He nodded at her. "Welcome to Lightsbridge, Miss Chapman," he said, and left the room.

Tris sighed, and looked at her trunk. It too was emblazoned with the unfamiliar name: Liesa Chapman, the name she had chosen and given to her teacher when he forged the papers that would allow her to enrol in Lightsbridge as an unknown student, rather than under her true identity. Trisana Chandler, the weather-witch; Trisana Chandler, the qualified, capable mage who was the envy of her colleagues, who frightened those without magic, who couldn't earn her own keep unless she was willing to perform battle magic.

 _Well, that's why I'm here, isn't it?_ she thought, brushing off her mood. Rolling her eyes at herself, she flipped open her trunk. Inside, neatly packed, were her books and clothes - more clothes than books, but only barely; Tris had had more than a few arguments with her sister Sandry on that topic. Tris had pointed out that, as a poor mage student, she would hardly be expected to have many of the elegant, finely-made, magically designed and protected dresses, cloaks, and even undergarments that stitch-witch Sandry made for all her siblings. Sandry had tutted, and argued, and retreated to her loom to make special cloth designed to look cheaper than it felt or wore.

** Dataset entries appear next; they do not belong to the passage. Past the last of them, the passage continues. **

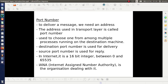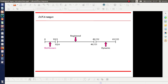Next is the idea of port numbers. In order to deliver a message, we need the address of the destination, and the transport layer uses the concept of port numbers as the address. On the Internet, the port number is a 16-bit integer ranging from 0 to 65535. These port numbers are managed by an organization called IANA — the Internet Assigned Numbers Authority — which divides them into three categories: well-known port numbers, registered port numbers, and dynamic port numbers.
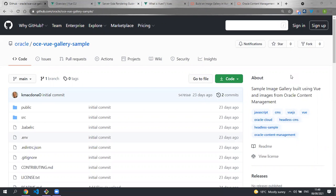Hello, my name is Sarah Maslin and I'm a software engineer at Oracle working on the Oracle Content Management headless samples. Today I'm going to show you how to build an image gallery application in Vue using Oracle Content Management as a headless CMS.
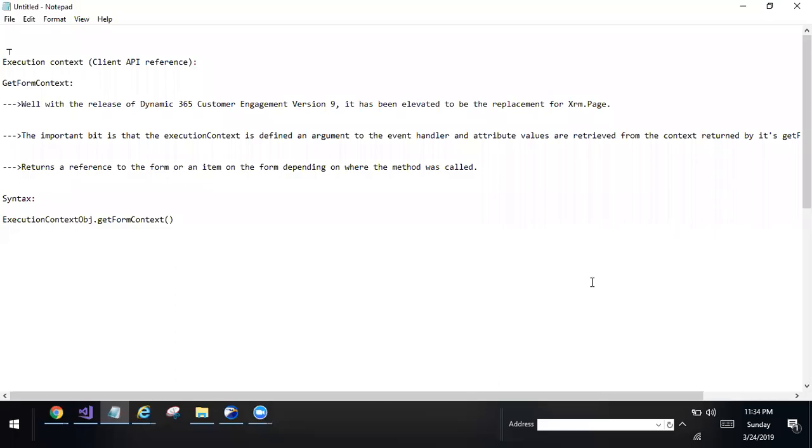Hi, this is Ashwath Kumar from CRM1S. In this video, I am going to explain Client API Reference Execution Context.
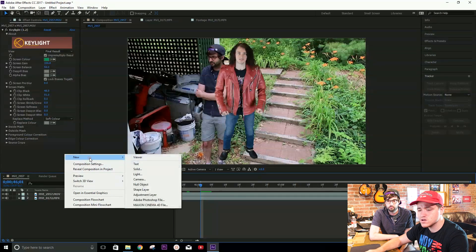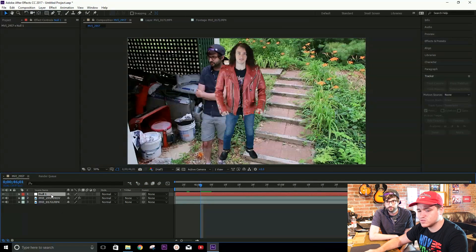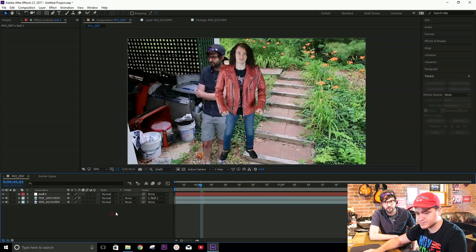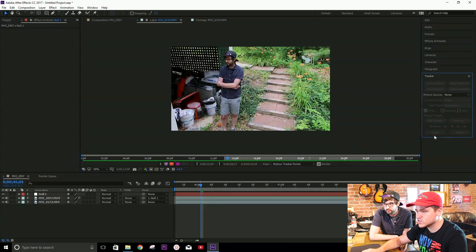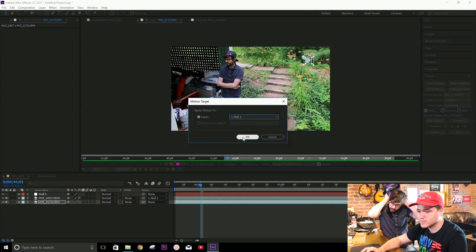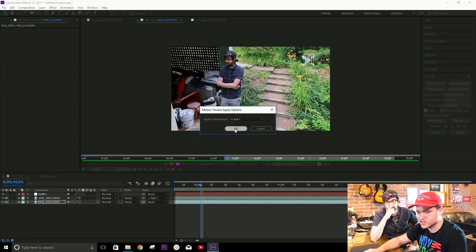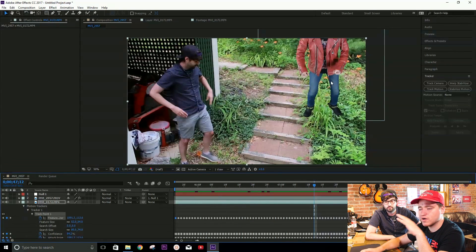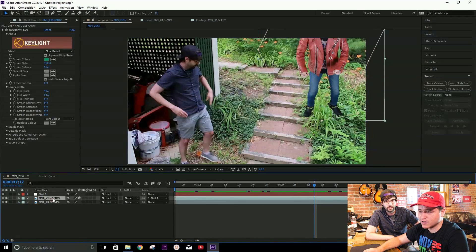We're going to add a new null object, and that is going to be the base for the motion track. So we're gonna parent our Professor Salt — Little Sodium — and he's now parented to Null One. He has been nullified! So we're gonna go up to our tracking layer again, select our track point, and edit target. We will select the target as Null One, hit okay, apply, make sure it says X and Y, then select okay again. Now as you'll see, he is being tracked with the camera.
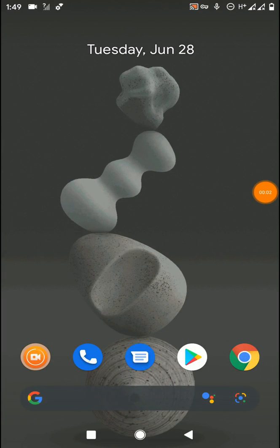Hi friends, welcome back to my YouTube channel. This is Virtual Tatured AMP1. In this tutorial I am going to talk about the process of installing a virtual system inside of Android 12.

Tris now lifted dresses, shifts, and skirts from her trunk, and hung or folded them into the small wardrobe that took up most of a corner of the room. Shaking out a skirt, she felt the familiar touch of Sandry's magic, as though her sister had brushed her hand, and frowned a little, unhappily. It wasn't as though she hadn't just left Summersea a few weeks ago; and it was hardly the first time she'd been away from her siblings for a long period. But Lightsbridge was new and unfamiliar and Tris hadn't been able to bring so much as her dog to remind her of home. She was uneasily reminded of being ten, dumped at the Stone Circle dormitory, surrounded by girls she didn't know.

Sighing, she hung the skirt in the wardrobe and turned back to her trunk, now drawing out her small collection of jewelry. Tris was not fond of jewels, as a rule; but these earbobs and the fine chains designed to be twined through Tris' braids had been made by her sister Daja, with as much care and magical effort as Sandry had exerted. Tris fingered the hair chains, and raised a hand to the similar ones resting in her hair.

Tris wore her hair unusually: in a series of braids, tucked and pinned close to her skull or dangling loose near her face. In these braids, Tris kept bound lightning, rainy storms, and the forces of tidal waves and the molten core of the earth. Her hair was her mage's kit, and a vital part of Tris' control over her ambient magic with weather.

Unfortunately, the power bound in her hair would be visible to the powerful academic mages who would be her teachers at Lightsbridge, as well as to any of her classmates who learned to see magic as Tris and her siblings had done. Ambient magic, drawn from the world around instead of from within the mage as in academic magic, was difficult for many mages to see; but Tris' teacher Niko had informed her that the sheer power in her braids would be unmissable. As would, she reluctantly admitted, the lightning that often sparked, visibly, in her braids when she lost control.

With Daja, Tris and Niko had devised a range of pins, nets, and chains that would disguise the power in her hair from all but the mages most expert in seeing - most of whom Tris had already met five years ago in Tharios. Deceiving them would be impossible, and pointless, so Tris had written to them privately to explain that she would attend Lightsbridge and earn an academic mage's credentials under an assumed name.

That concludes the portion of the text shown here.